MSX Technical Guidebook
from ASCAT, a source of this article is here in Japanese.This document talk about how an MSX handles kanjis, of which I assume you have few knowledge with.
In fact, simply implementing this onto your MSX or emulation codes do not work. You should learn about
MSX-JE, software interface which converts inputted kanas into kanji. But better than nothing.JIS 1st and 2nd standards are Japanese kanji table stated by national law, 2nd being more less used than 1st kanjis.
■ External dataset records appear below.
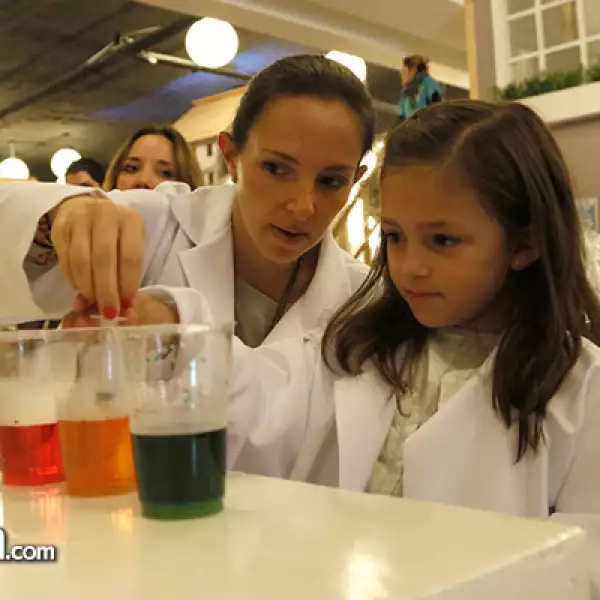 Alejandra y Ana Sofía Treidade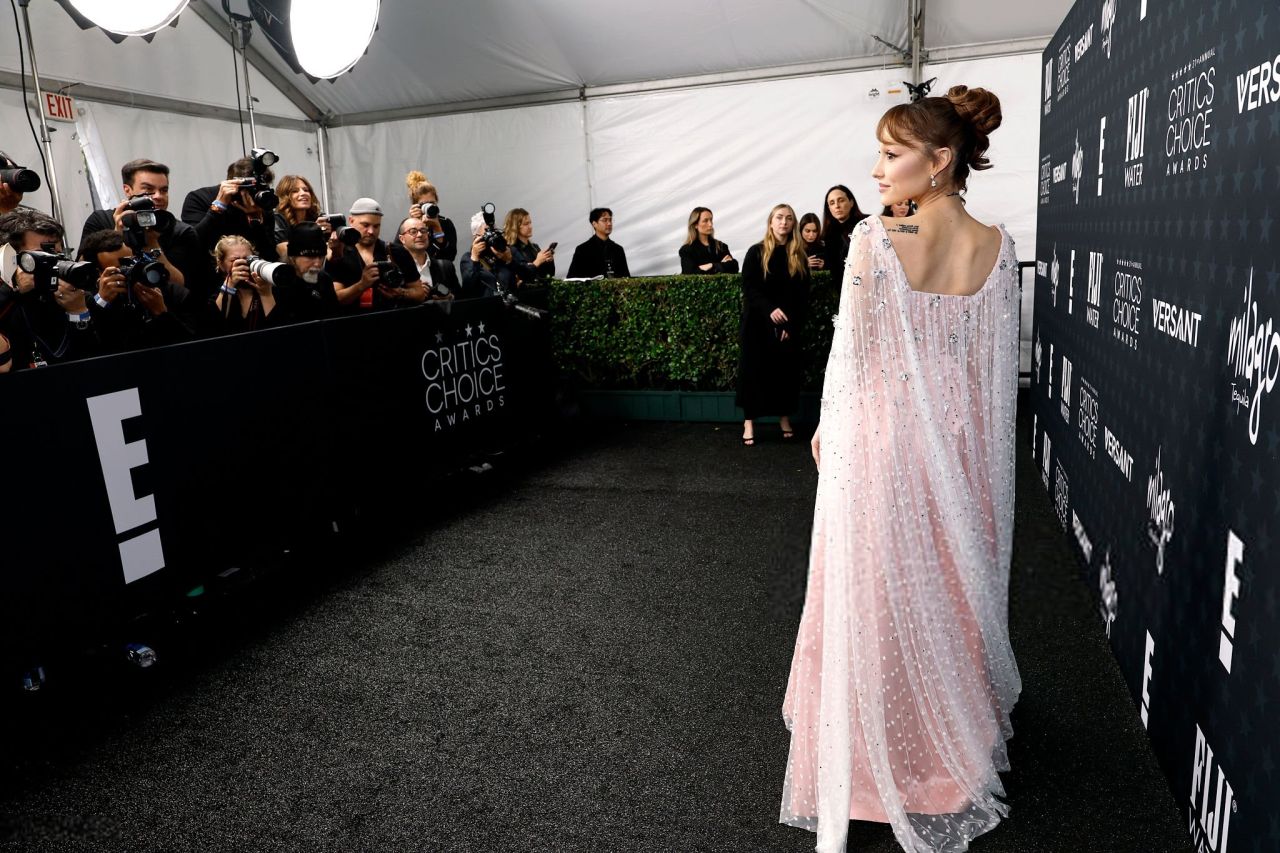 Ariana Grande at Critics Choice Awards 2026 (1280×853)
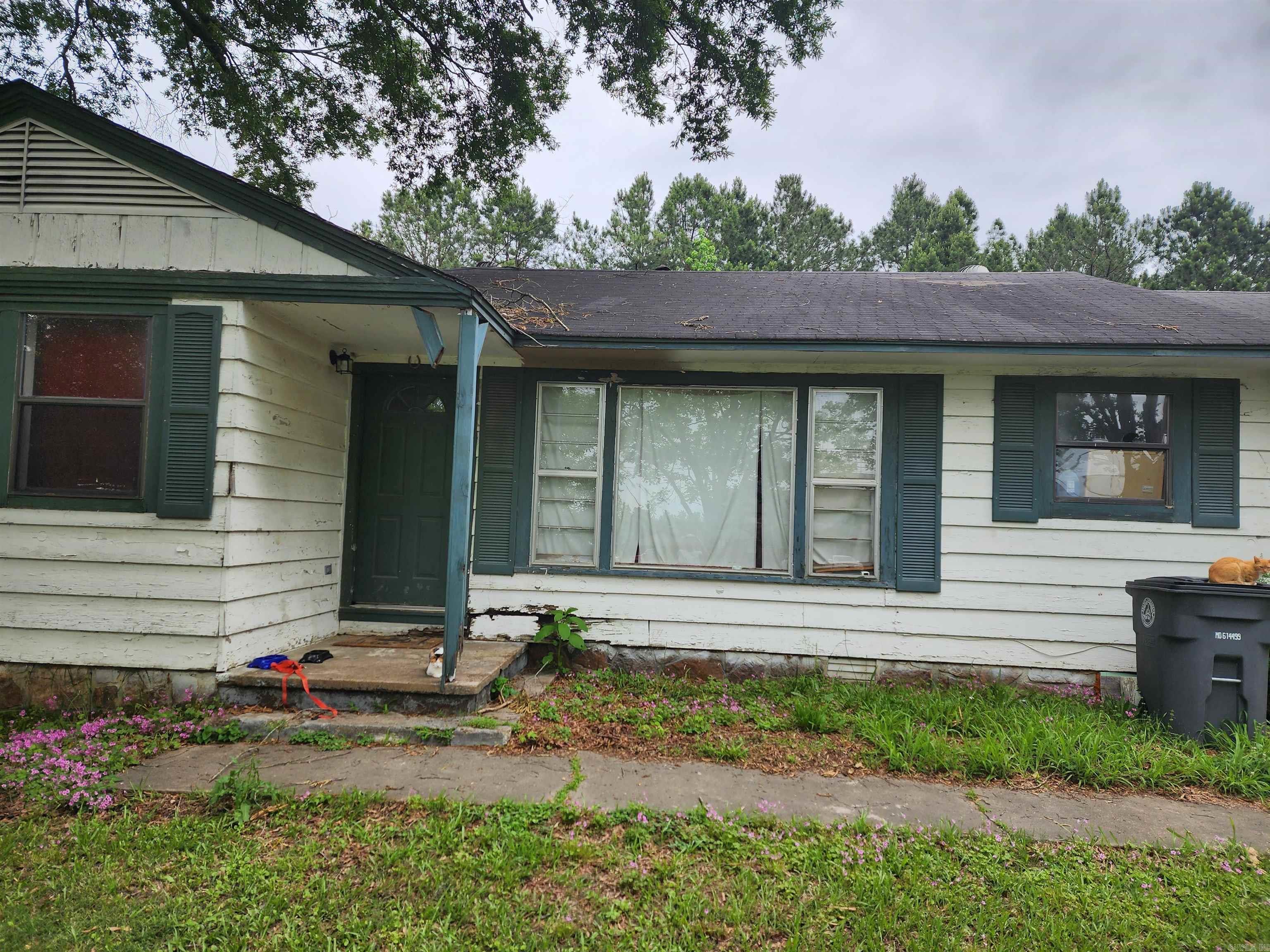 820 Holmes Road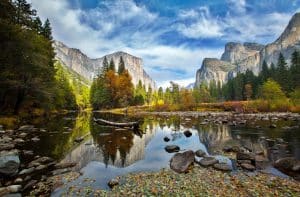 Yosemite Valley in herfstkleuren, Californië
Sanyo 2+ (WAVYs) do not support 1st standard kanjis. All other 2+s and turboRs own both 1st and 2nd standard kanjis inside them.
Making a kanji system without knowledge with them is next to impossible. However, at this point, there are no Japanese coders who can explain such system to you through languages other than Japanese. Therefore, only way I can help you is through translating as much as I can.
Chapter 4 Kanji ROM
Here we explain mostly about how to access kanji ROM.
2. 4. 1 Input/output of Kanji ROM
If you want to access kanji ROM on MSX, directly access D8H to DBH of I/O.
To read a kanji font data, you should use 12-bit data called kanji codes. These codes are different with JIS codes and kuten codes, so you should find out the kanji code of the one you want to display.
#You can convert a kanji into JIS code by executing CALL JIS in kanji mode.
CALL JIS (A$,kanjistring$)
then A$ will be a string of 4-digit hexadecimal. Kanjistring$ can be any long, but what you get is always a JIS of the first character.
How to Calculate a Kanji Code
Deduct 32 from the upper byte of a kanji's JIS code and call the value as ku. Deduct 32 from the lower byte of a kanji's JIS code and call the value as ten. (these are so-called kuten codes).
In case of 1st class kanjis, if ku is 15 or less, a kanji code is ku*96+ten. If ku is 16 or greater, a kanji code is ku*96+ten-512.
In case of 2nd class kanjis, a kanji code is ((ku-48)*96+ten).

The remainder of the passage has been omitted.